One, the last thing Obama wants to do — or will do — is to send actual ground troops back to Iraq to do the actual fighting. He did wind down the American part of the war, and Obama’s part in the battle against ISIS won’t be Americans in combat.

Two, the American role in Iraq will outlast the Obama presidency. There is grumbling in Congress about the troop level — too high or too low — but Congress will do nothing about Iraq. The next president — and those running for the job — will still be dealing directly with Iraq.

The question, by the way, isn’t whether ISIS is winning. What’s obvious is that ISIS is winning too much. How did Iraq’s government lose Mosul and Ramadi? Why aren’t American bombs enough to change the equation?

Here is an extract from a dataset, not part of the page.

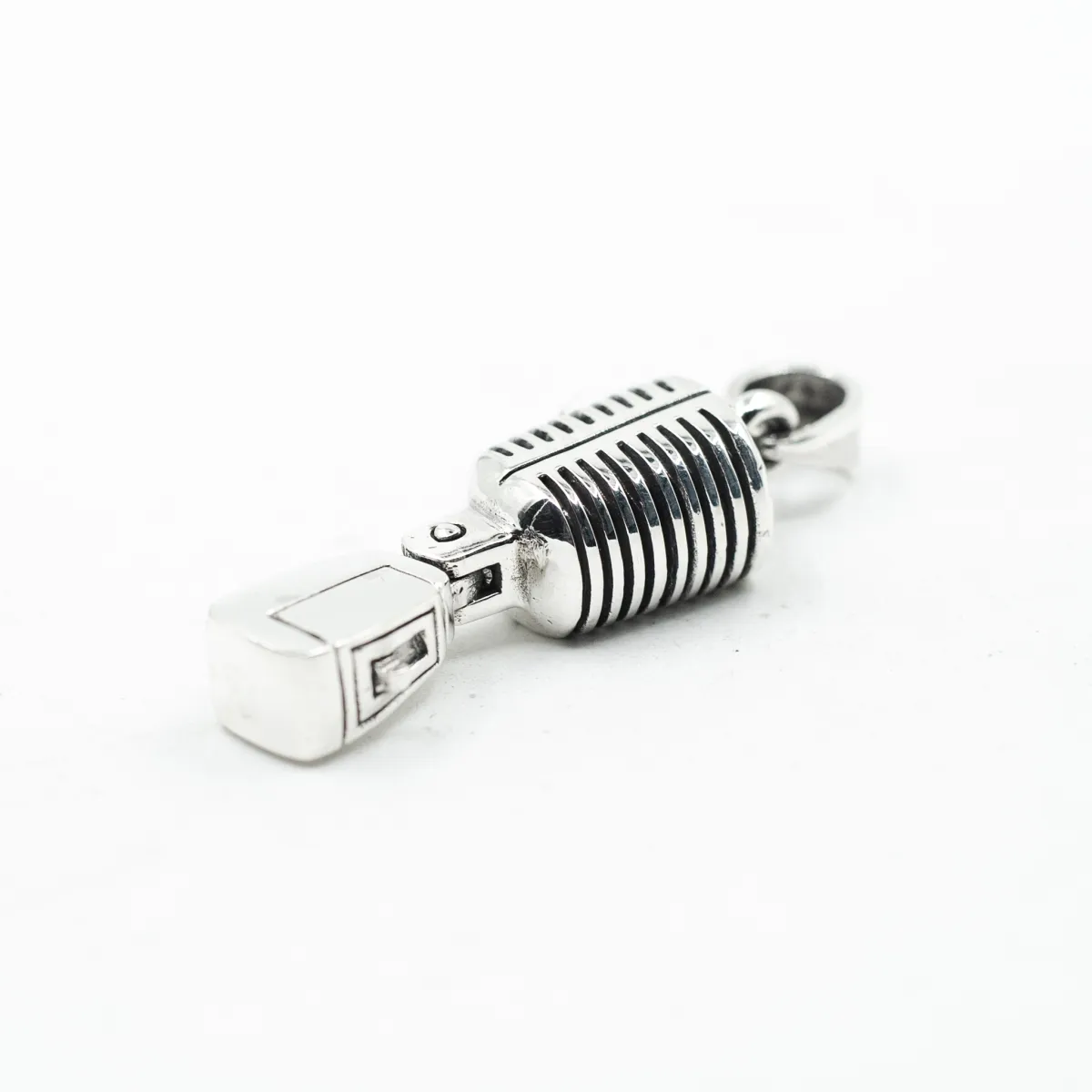 Pandantiv microfon vocal Argint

And so the advisers are there to encourage and train Sunni tribes to fight in Ramadi and to help give them confidence that a Shiite-run government deserves their trust — a trust that Baghdad has in no way earned. Will Sunnis fight in a Shiite-led army? Will violent militias from all sides become less violent? If the many sides of Iraq can’t be brought together — and does anyone really think they can? — all victories are inevitably short-lived.

The great Dexter Filkins led off a recent piece in the New Yorker with this story: Just after taking Ramadi, the ISIS victors made a video, shot from a newly captured Iraqi police station. The video showed, Filkins wrote, great boxes of America mortar shells and bullets. It showed Humvees, fresh off the lot, nearby. “This is how we get our weapons,” the narrator said in Arabic. “The Iraqi officials beg the Americans for weapons, and then they leave them here for us.”

It’s an old story. But now we’re left to wonder if we should expect anything different from a new chapter.

Mike Littwin writes a column for the Colorado Independent.